Philip Knightley and Caroline Kennedy, the authors of An Affair of State (1987), also pointed out in their book that while Griffith-Jones successfully proved that Christine Keeler and Mandy Rice-Davies took money from men they had sex with, in Christine’s case it was as little as £50 from Charles Clore, £20 from Profumo and around £100 from Major Jim Eynan, who she met, not through Ward but while she was working with Rice-Davies at Mayfair’s 21 Club. They also showed that while both girls at some point gave money to Ward, both girls often owed Ward – one way or another too – and usually far more money than they ever paid him.
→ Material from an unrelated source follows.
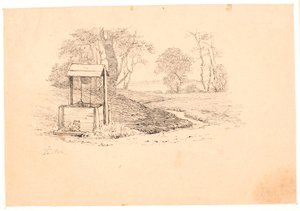 Kilden. Illustration til Kaalunds "Fabler for Børn". Se kommentar fra arkkatalog. af Johan Thomas Lundbye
It was therefore the judge’s misinterpretation of the phrase ‘living in part’ and his misdirection of the jury to consider that meant Keeler and Rice-Davies giving Ward a little bit of money here and there to partly cover rent and household bills constituted him ‘living off’ them that would allow the jury to find him guilty of the charges.
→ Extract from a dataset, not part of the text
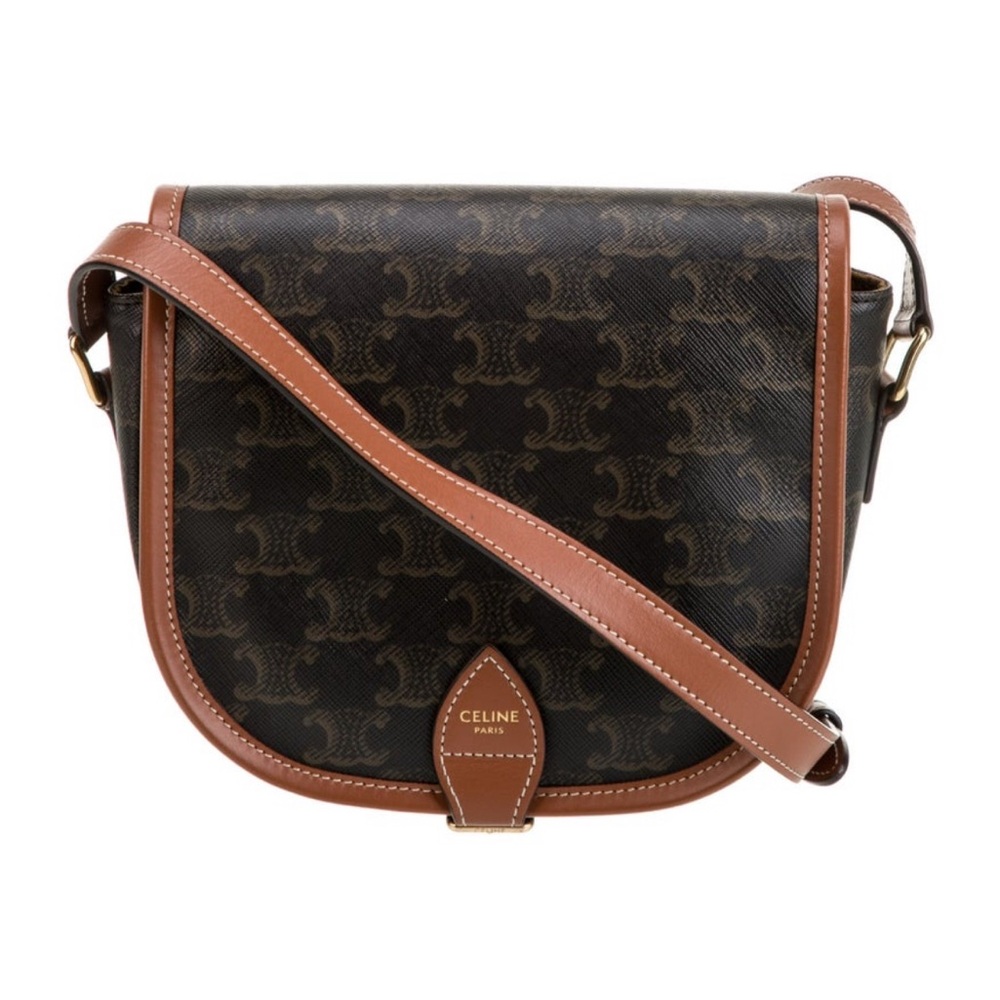 Celine Brown and Tan Small Triomphe Folco Crossbody Bag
Overall, Robertson says the evidence wasn’t enough to prove a link between any money Keeler or Rice-Davies gave to Ward and the money earnt from their alleged prostitution.11 This insufficient evidence should have meant that Counts 1 and 2 were withdrawn from the jury, and that Counts 4 and 5 should never have been put before them. Robertson reminds us that a trial judge has a duty to stop an insufficient prosecution regardless of whether the defence has realised and asked for this to happen.